Back to the first time, I downloaded his single, One Time. And the first thought of me after listened it was “did I download it wrong? I thought Justin Bieber was a boy. And why is this ‘One Time’ singer is a girl?” that was mindfuck. Lol. I’m sure you agree with me. The old voice of Justin was so lame for boy. It was kinda girl’s voice. But for me, it was amazing listened to an awesome song. He is a talented artist. I knew it from the start. I don’t care what haters said that he’s more like girls. I thought so but what’s the matter? He has amazing voice than any boys. It’s different. He has a good vocal technique. No, awesome! His voice was so high even like girls. And I was dying in love with his magical awesome voice from the first time.

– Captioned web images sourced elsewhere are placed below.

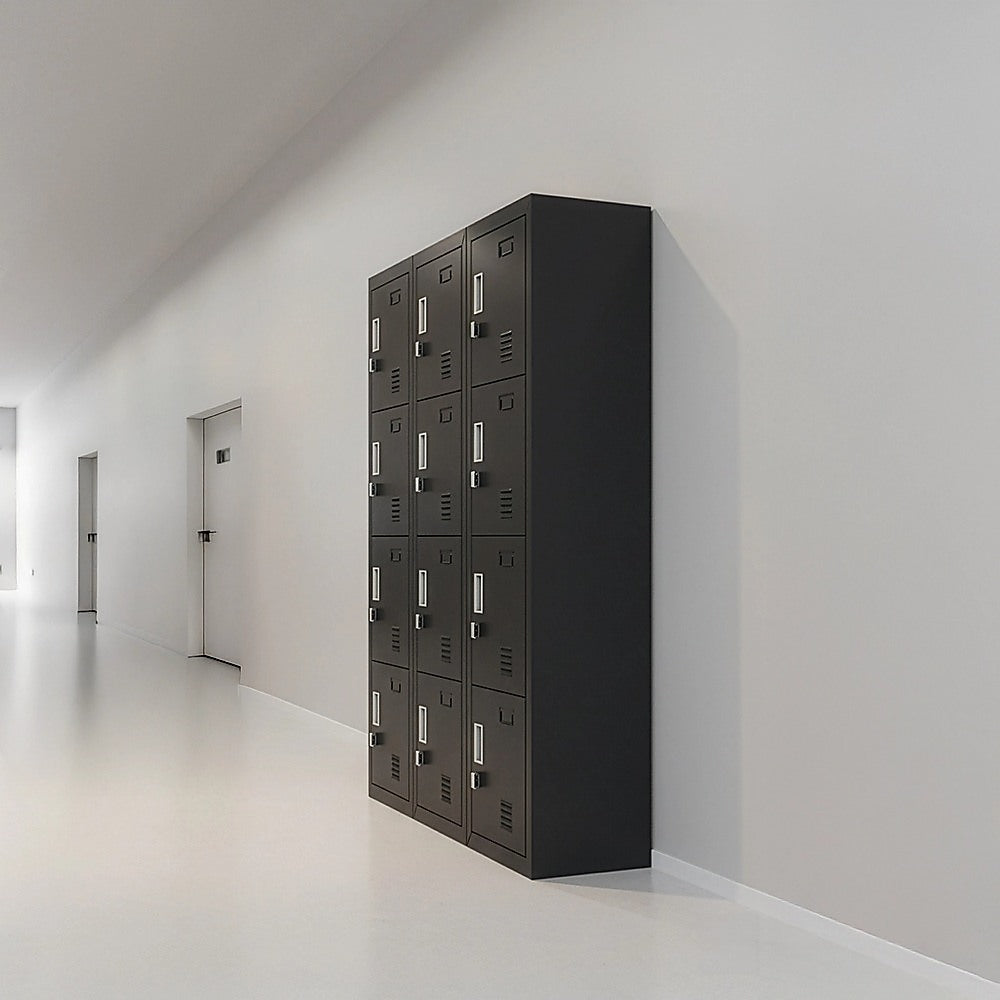 12-Door Locker for Office Gym Shed School Home Storage - Padlock-operated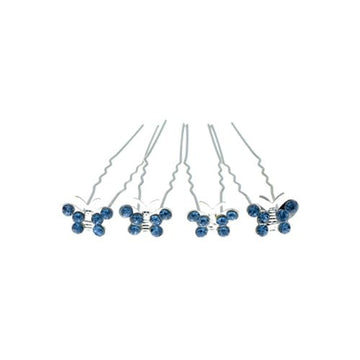 Haarpinnen zilverkleurig vlinder blauw 4 stuks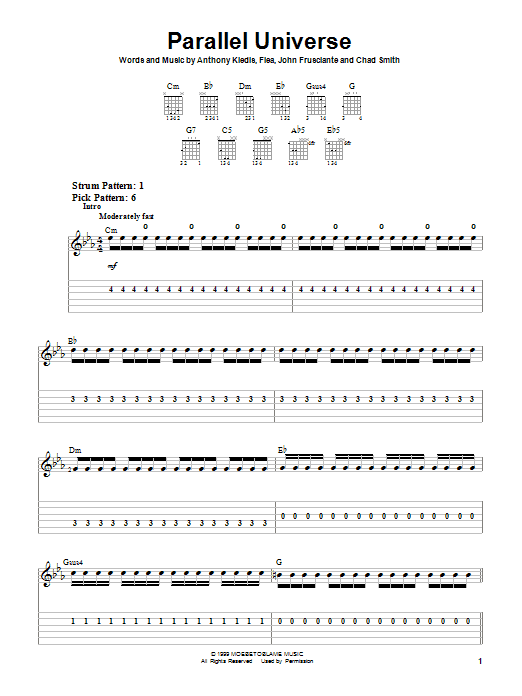 Red Hot Chili Peppers Parallel Universe sheet music notes and chords arranged for Guitar Tab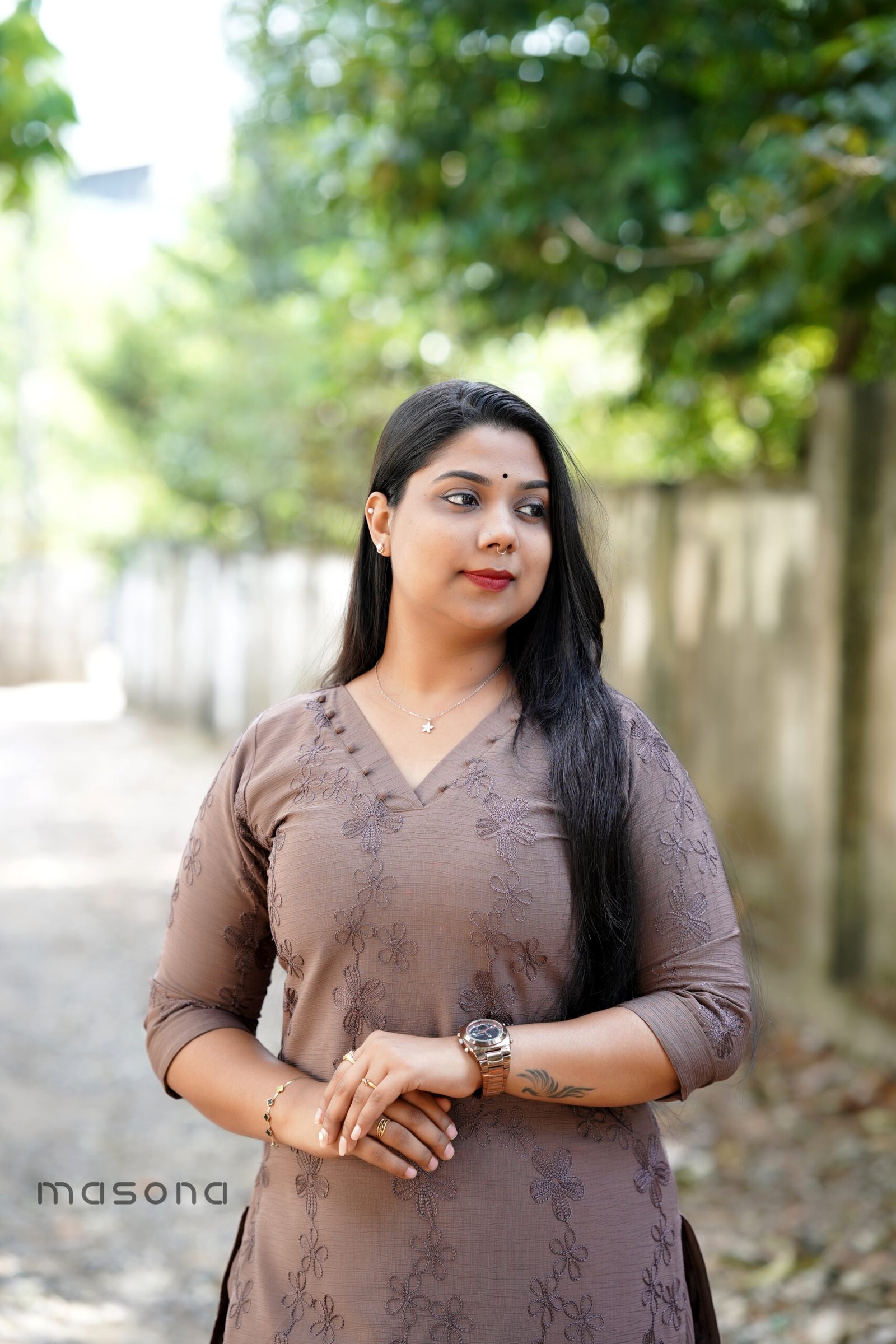 Aai Crushed Slited Top & Plain Bottom - M1736 - Image 5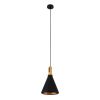 GLOBOSTAR® CALYPSO 01334-C Μοντέρνο Κρεμαστό Φωτιστικό Οροφής με Ντουί 1 x E27 AC 220-240V IP20 - Μαύρο & Μπρούτζινο  - Μ25 x Π25 x Υ40cm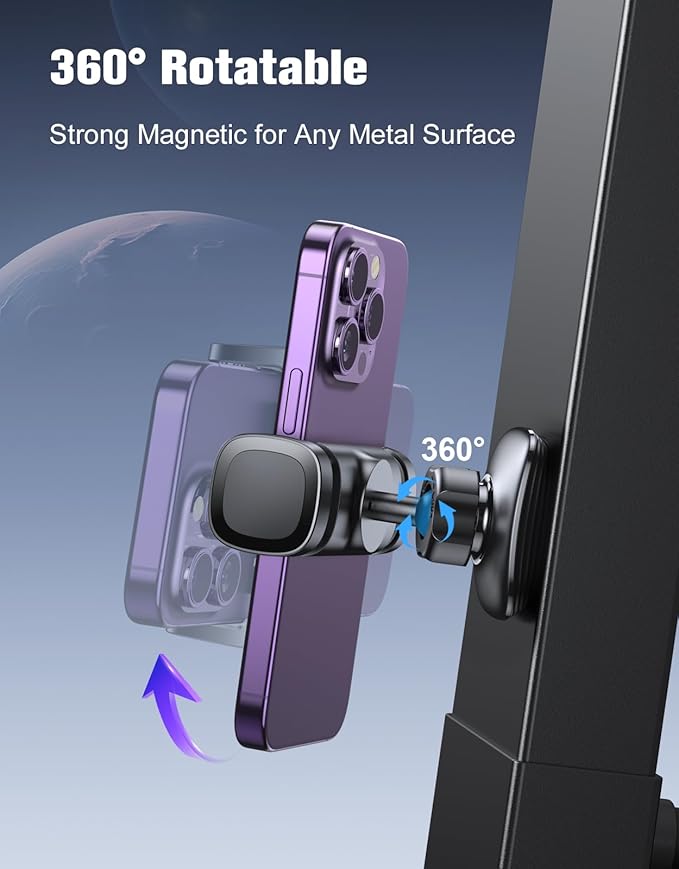 2026 Multi-functional Magnetic Phone Holder for Gym Golf Cart, 360° Rotatable Gym Phone Holder Camera Bracket Workout Record, or Any Metal Surface, Gym Magnet Phone Mount Fits for 4.7-7" Phones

Since then, I started collect stuff of him. Magz, T-shirt, CDs, posters and anything bout him. That’s definitely me. I always wanted to collect all stuff and (wished) never missed one. I just want to have them all and no doubt to spend so much charge on them. I actually hate this kinda bad habit. That’s why I’m afraid to like anyone because I will do anything to get every thingy of em. Back to the top, yeah, I love him like crazy. His flip hair, his high voice, his attractive and funny face when he’s makin’ faces. Everything makes me going insane! But I’m telling you, the old Justin wasn’t handsome either hot. Yeah, hahaa it’s kinda funny when you say this kinda cheer face is handsome or so.

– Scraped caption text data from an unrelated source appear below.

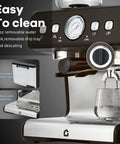 Level Up Your Coffee Game With This Badass 20 Bar Espresso Maker Featuring A Built In Grinder, Stainless Steel Body, Huge 2.8 Liter Tank, And Steam Wand For Flawless Lattes And Cappuccinos, Black with removable water tank and drip tray.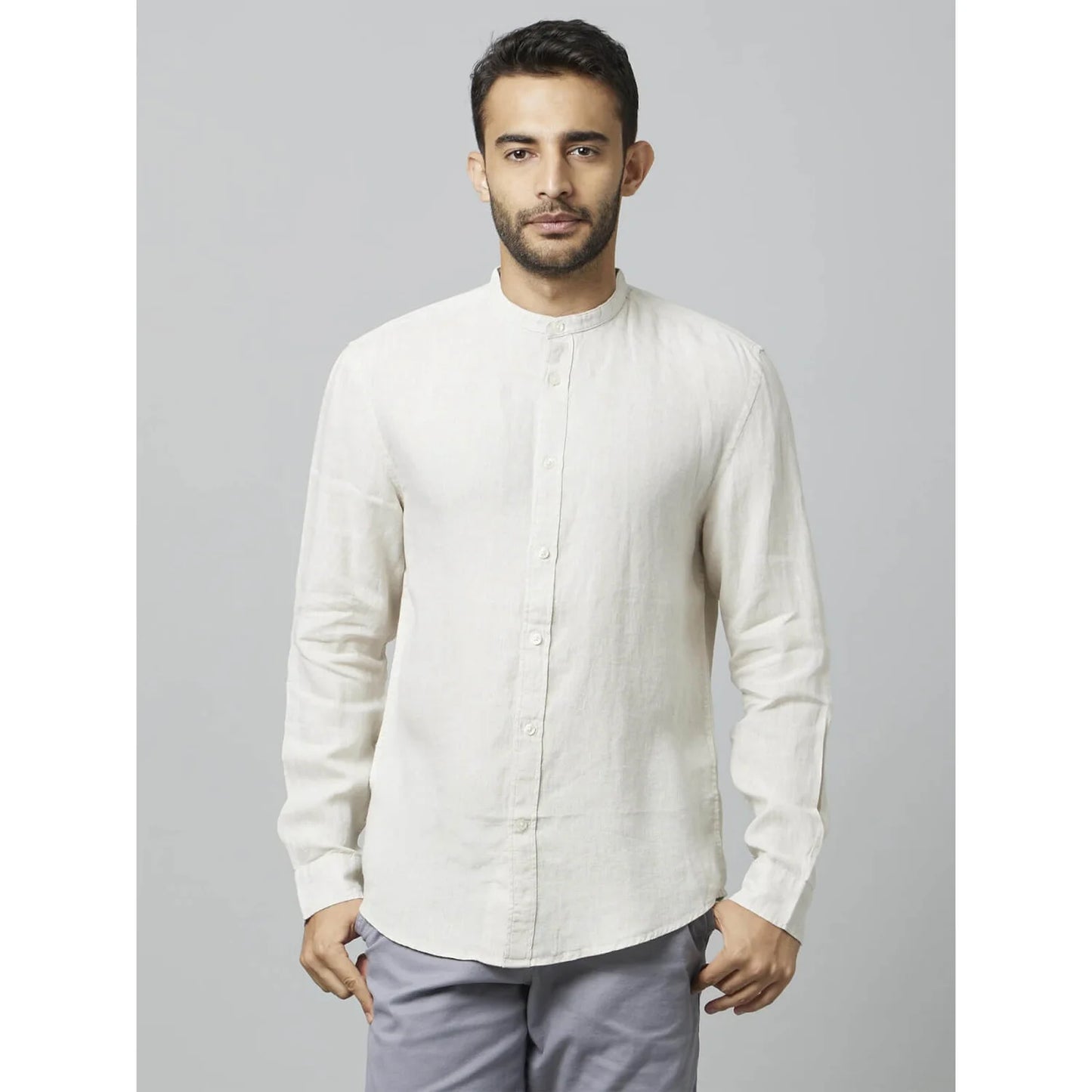 Off White Solid Linen Shirt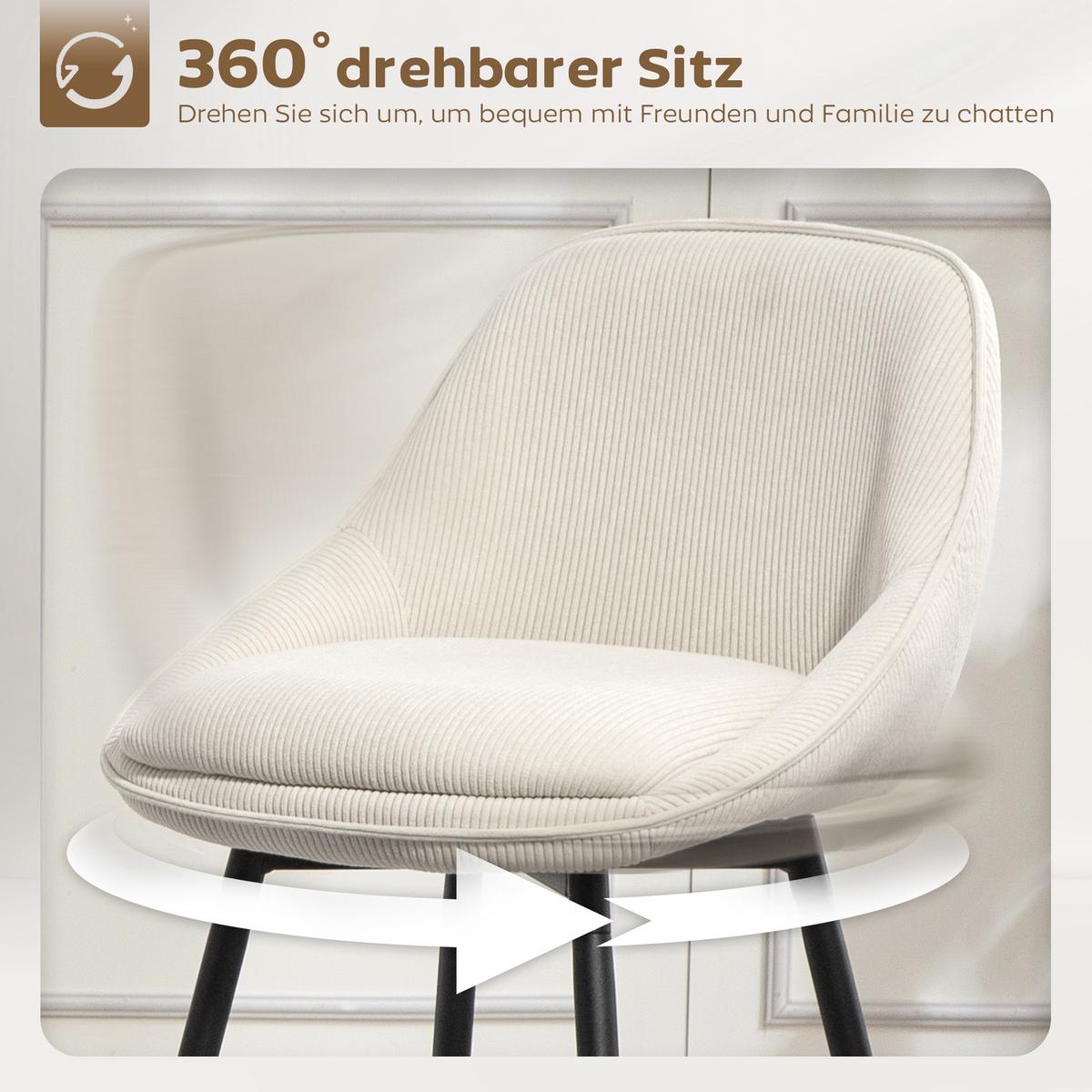 BARHOCKER 2ER-SET aus Polyester Cremeweiß - Creme, Textil (49/88/52cm) - HOMCOM
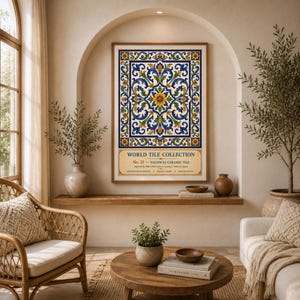May include: A rectangular wall art print featuring a symmetrical floral pattern in blue, yellow, and green on a white background. The text reads: WORLD TILE COLLECTION, No. 21 - VALENCIA CERAMIC TILE, Inspired by 18th-19th Century Ceramics, Valencia, Spain.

He was so umm, common face or what. The only thing that made him different was his flip hair. It was so trend. All of the boys around the world made it as a trend hairstyle. LOL. But I think the only one who proper to use it was his himself. And yeah, the first booming and very popular song was released. The Baby became hits on every charts. It could possibly be in the top positions. And the second album was released on March 23rd. My Worlds 2.0, my second cds. This boy became my new addiction.

Yeah, that was me adoring this boy so much. But I missed his concert last year. That was my deep regret. I don’t know after being his number one fan all this time, I just missed it without any chance to get the tix. That was such an epicfail. And now he’s growing so fast like I couldn’t believe it at all. It’s like so yesterday when he said he loves girls and he wouldn’t doubt to having dates with fans but now he has a longlast relationship with his girlfriend, Selena Gomes. Break my heart easily.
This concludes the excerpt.